Temp Table's Primary Key Default

  • Is a primary key on a temp table implemented as a clustered index by default, or as a unique index by default?

  • rchantler (9/25/2015)


    Is a primary key on a temp table implemented as a clustered index by default, or as a unique index by default?

    Both. As on a normal table, if a clustered index does not already exist, assigning a column as the PK will force a unique clustered index to be formed.

    --Jeff Moden


    RBAR is pronounced "ree-bar" and is a "Modenism" for Row-By-Agonizing-Row.
    First step towards the paradigm shift of writing Set Based code:
    ________Stop thinking about what you want to do to a ROW... think, instead, of what you want to do to a COLUMN.

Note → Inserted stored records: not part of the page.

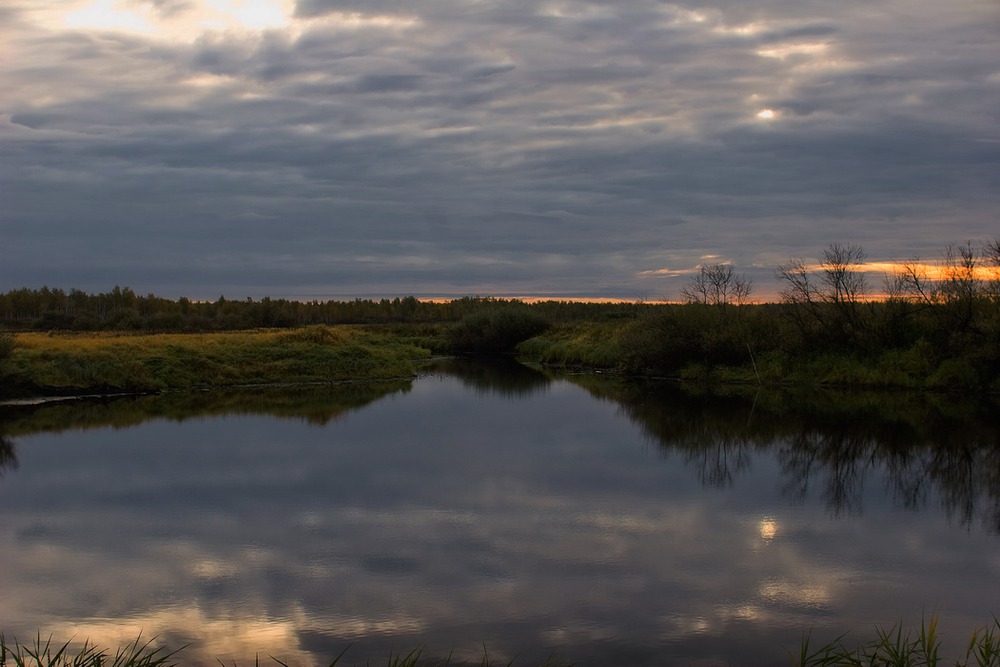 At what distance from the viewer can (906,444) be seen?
66.1ft

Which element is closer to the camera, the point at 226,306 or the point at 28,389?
the point at 28,389

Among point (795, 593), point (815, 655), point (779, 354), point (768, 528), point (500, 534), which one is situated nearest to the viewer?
point (815, 655)

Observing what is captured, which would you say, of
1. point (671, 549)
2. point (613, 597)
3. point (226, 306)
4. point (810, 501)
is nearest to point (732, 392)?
point (810, 501)

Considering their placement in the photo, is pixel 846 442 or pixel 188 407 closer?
pixel 846 442

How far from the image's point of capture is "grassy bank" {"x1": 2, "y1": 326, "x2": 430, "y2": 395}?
99.8 ft

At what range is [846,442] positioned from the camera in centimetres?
2062

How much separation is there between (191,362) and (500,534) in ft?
82.6

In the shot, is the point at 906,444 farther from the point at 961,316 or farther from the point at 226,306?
the point at 226,306

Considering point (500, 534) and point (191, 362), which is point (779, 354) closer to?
point (191, 362)

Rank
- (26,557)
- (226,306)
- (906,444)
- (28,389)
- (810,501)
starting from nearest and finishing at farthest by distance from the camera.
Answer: (26,557), (810,501), (906,444), (28,389), (226,306)

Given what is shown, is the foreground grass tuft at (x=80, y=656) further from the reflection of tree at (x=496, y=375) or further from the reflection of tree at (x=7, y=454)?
the reflection of tree at (x=496, y=375)

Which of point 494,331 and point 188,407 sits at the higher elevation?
point 494,331

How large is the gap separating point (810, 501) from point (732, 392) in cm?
1800

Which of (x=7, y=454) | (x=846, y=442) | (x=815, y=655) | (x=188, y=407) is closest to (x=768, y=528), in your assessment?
(x=815, y=655) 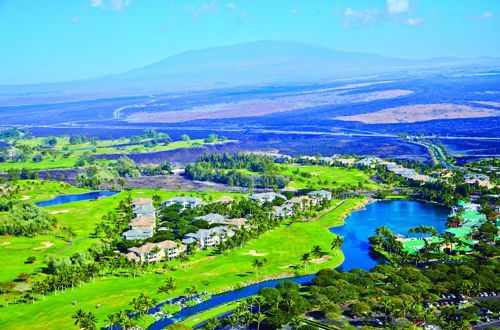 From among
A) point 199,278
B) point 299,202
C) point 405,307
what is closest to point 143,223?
point 199,278

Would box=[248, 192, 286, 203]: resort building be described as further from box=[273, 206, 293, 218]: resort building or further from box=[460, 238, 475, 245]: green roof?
box=[460, 238, 475, 245]: green roof

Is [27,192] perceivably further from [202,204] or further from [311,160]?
[311,160]

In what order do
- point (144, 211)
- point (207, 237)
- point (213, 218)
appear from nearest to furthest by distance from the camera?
point (207, 237) < point (213, 218) < point (144, 211)

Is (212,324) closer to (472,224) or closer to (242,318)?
(242,318)

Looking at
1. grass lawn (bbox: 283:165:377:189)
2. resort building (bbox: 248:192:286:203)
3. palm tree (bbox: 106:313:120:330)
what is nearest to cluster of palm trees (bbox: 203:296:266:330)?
palm tree (bbox: 106:313:120:330)

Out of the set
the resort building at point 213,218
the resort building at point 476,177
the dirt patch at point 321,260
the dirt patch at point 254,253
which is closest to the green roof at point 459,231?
the dirt patch at point 321,260

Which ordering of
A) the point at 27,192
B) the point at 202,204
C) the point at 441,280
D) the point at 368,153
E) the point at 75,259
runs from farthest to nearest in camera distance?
1. the point at 368,153
2. the point at 27,192
3. the point at 202,204
4. the point at 75,259
5. the point at 441,280

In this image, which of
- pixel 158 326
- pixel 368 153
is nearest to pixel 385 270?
pixel 158 326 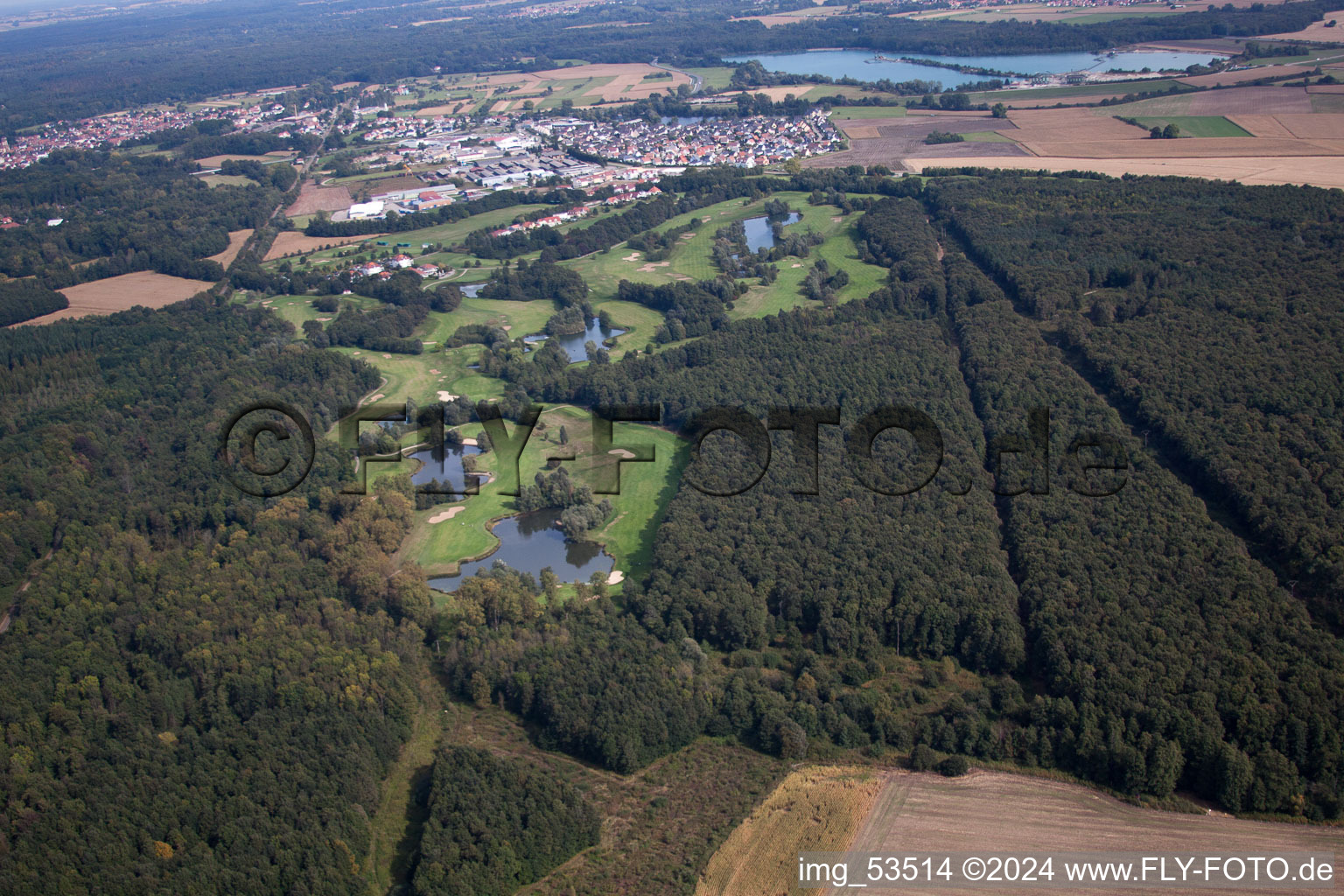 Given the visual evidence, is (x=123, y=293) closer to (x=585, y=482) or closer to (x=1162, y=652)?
(x=585, y=482)

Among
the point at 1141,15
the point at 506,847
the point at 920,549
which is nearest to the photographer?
the point at 506,847

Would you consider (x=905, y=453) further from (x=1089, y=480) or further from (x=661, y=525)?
(x=661, y=525)

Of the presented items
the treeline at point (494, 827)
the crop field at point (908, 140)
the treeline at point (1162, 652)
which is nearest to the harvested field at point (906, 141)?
the crop field at point (908, 140)

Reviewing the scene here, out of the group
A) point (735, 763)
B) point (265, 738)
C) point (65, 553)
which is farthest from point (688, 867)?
point (65, 553)

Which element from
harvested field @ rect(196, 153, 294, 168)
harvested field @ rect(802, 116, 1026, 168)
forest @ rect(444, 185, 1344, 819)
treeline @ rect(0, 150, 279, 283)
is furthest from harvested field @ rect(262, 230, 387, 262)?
forest @ rect(444, 185, 1344, 819)

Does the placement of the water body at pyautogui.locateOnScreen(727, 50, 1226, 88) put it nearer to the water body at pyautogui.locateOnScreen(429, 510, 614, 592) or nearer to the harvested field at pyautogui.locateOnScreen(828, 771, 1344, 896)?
the water body at pyautogui.locateOnScreen(429, 510, 614, 592)

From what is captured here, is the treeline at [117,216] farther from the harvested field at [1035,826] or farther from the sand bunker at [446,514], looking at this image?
the harvested field at [1035,826]

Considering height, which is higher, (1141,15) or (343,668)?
(1141,15)

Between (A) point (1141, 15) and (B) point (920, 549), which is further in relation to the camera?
(A) point (1141, 15) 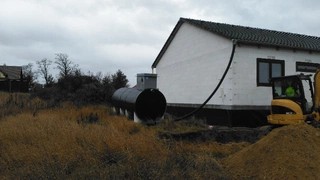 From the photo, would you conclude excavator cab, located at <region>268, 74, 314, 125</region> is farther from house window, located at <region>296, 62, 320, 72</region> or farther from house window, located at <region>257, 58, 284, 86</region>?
house window, located at <region>296, 62, 320, 72</region>

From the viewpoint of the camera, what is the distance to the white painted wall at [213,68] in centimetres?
1293

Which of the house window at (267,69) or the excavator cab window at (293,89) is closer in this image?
the excavator cab window at (293,89)

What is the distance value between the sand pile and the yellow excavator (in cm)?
274

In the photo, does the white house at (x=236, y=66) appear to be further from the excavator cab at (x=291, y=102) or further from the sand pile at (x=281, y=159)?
the sand pile at (x=281, y=159)

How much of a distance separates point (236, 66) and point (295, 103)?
3922mm

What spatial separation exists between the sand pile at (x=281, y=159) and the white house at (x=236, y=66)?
20.6 ft

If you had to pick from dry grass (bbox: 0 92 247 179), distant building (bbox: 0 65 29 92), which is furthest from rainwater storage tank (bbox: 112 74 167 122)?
distant building (bbox: 0 65 29 92)

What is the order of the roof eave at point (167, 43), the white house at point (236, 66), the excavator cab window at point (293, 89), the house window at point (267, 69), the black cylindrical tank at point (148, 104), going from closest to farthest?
the excavator cab window at point (293, 89) → the black cylindrical tank at point (148, 104) → the white house at point (236, 66) → the house window at point (267, 69) → the roof eave at point (167, 43)

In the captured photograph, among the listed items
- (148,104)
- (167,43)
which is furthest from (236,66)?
(167,43)

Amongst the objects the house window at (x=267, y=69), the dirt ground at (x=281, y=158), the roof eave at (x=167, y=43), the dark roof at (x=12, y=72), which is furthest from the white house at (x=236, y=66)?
the dark roof at (x=12, y=72)

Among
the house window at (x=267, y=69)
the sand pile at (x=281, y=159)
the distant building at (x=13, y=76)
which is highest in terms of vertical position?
the distant building at (x=13, y=76)

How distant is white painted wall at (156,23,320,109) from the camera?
12930 mm

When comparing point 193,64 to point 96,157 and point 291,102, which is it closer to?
point 291,102

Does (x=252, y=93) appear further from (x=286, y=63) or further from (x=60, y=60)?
(x=60, y=60) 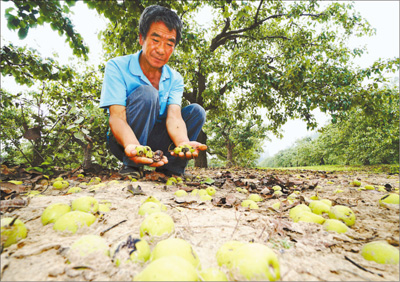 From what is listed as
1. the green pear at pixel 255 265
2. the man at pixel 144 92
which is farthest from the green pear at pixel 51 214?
the man at pixel 144 92

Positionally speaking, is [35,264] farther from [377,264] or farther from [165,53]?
[165,53]

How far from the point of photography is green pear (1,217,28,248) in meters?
1.07

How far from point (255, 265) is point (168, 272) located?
0.39m

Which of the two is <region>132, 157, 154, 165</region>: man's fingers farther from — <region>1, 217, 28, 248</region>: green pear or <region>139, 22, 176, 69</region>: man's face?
<region>139, 22, 176, 69</region>: man's face

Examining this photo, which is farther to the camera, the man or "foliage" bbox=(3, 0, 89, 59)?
the man

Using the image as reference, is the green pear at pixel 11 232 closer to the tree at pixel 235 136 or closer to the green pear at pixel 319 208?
the green pear at pixel 319 208

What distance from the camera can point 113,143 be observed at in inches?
142

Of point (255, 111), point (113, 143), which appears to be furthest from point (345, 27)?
point (113, 143)

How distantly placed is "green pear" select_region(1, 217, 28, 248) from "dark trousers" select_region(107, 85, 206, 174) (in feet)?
7.48

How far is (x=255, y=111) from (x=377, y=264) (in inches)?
380

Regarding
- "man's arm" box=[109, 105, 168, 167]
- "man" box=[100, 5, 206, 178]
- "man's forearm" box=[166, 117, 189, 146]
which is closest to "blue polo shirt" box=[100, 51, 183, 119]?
"man" box=[100, 5, 206, 178]

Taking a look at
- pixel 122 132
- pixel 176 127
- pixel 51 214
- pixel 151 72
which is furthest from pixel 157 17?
pixel 51 214

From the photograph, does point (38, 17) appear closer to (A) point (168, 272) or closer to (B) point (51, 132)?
(B) point (51, 132)

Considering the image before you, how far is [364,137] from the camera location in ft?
61.9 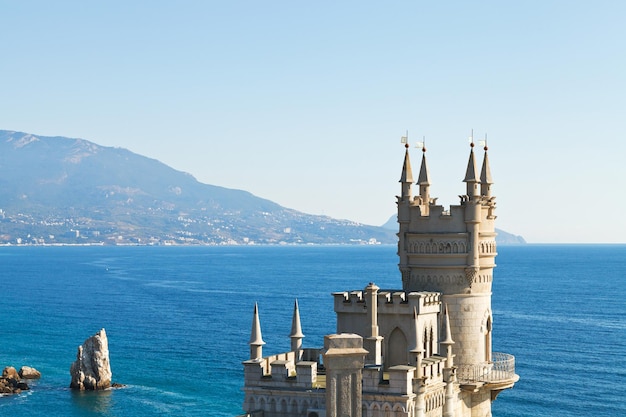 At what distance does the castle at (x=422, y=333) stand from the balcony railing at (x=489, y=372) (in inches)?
1.7

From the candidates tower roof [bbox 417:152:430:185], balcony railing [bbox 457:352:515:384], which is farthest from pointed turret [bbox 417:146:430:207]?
balcony railing [bbox 457:352:515:384]

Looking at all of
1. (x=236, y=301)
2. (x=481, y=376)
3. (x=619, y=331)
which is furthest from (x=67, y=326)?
(x=481, y=376)

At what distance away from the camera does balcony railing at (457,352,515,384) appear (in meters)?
39.3

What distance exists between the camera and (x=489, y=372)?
39781 mm

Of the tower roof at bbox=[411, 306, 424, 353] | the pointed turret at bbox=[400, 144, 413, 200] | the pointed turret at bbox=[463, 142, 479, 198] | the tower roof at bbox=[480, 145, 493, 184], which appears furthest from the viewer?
the tower roof at bbox=[480, 145, 493, 184]

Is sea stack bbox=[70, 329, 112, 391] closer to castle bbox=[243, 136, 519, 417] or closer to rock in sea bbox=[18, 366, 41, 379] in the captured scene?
rock in sea bbox=[18, 366, 41, 379]

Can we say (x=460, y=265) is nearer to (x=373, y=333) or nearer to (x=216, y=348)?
(x=373, y=333)

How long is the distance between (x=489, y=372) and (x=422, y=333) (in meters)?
4.59

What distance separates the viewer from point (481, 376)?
39.5 m

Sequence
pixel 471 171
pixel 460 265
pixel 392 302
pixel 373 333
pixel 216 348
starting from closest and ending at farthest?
pixel 373 333 < pixel 392 302 < pixel 460 265 < pixel 471 171 < pixel 216 348

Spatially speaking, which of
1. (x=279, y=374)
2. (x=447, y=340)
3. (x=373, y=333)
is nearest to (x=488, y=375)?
(x=447, y=340)

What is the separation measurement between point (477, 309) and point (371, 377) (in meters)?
7.72

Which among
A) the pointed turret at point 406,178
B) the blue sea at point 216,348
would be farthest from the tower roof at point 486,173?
the blue sea at point 216,348

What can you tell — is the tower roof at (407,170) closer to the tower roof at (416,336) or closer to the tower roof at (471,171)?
the tower roof at (471,171) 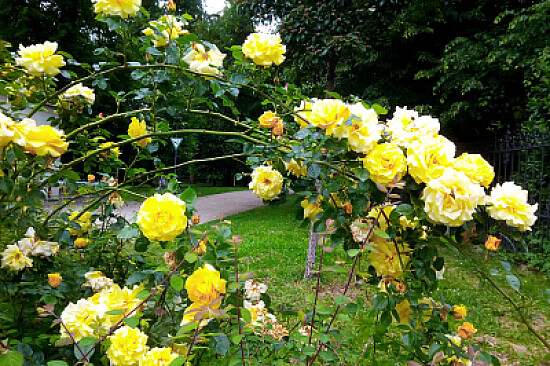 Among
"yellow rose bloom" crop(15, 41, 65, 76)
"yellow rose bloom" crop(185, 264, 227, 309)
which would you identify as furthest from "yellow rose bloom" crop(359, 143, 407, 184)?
"yellow rose bloom" crop(15, 41, 65, 76)

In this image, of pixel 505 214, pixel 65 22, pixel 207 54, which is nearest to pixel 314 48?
pixel 207 54

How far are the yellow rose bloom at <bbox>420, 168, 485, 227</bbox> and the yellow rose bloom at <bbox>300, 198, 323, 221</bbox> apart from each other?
416 millimetres

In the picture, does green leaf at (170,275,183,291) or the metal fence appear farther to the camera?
the metal fence

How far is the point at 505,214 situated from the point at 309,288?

    Change is inevitable... Change for the better is not.


    Helpful Links:
    How to post code problems
    How to Post Performance Problems
    Create a Tally Function (fnTally)

  • Thanks Jeff,

    The reason for this question is a perplexing performance problem. I am going to take some time to try to put it into compact, reproducible form but it boils down to what looks like 2 functionally identical definitions causing a 100 times slowdown in an update statement. With no other differences in the code def.1 is 100 times faster than def.2

    Definition 1:

    CREATE TABLE #hidvals(hid INT NOT NULL,

    extel2code CHAR(2),

    start SMALLDATETIME,

    finish SMALLDATETIME,

    value1 FLOAT,

    value2 FLOAT)

    CREATE CLUSTERED INDEX IDX_hidvals ON #hidvals(hid)

    Definition 2:

    CREATE TABLE #hidvals(hid INT NOT NULL,

    extel2code CHAR(2),

    start SMALLDATETIME,

    finish SMALLDATETIME,

    value1 FLOAT,

    value2 FLOAT,

    PRIMARY KEY (hid)) -- same as PRIMARY KEY CLUSTERED

    Here's the UPDATE statement.

    update H

    set value1 = X1.[1MPM], value2 = X2.[1MPM]

    from #hidvals H

    left join HD01.prod.USPROD_Calculations X1

    on H.hid = X1.hid and H.start = X1.adate

    left join HD01.prod.USPROD_Calculations X2

    on H.hid = X2.hid and H.finish = X2.adate

  • For each temporary tables currently allocated, the following script will return the table name, index type(s) (heap, clustered, non-clustered), reserved mb, and row counts. Using this, confirm the allocation of temp table for both code samples are equivalent.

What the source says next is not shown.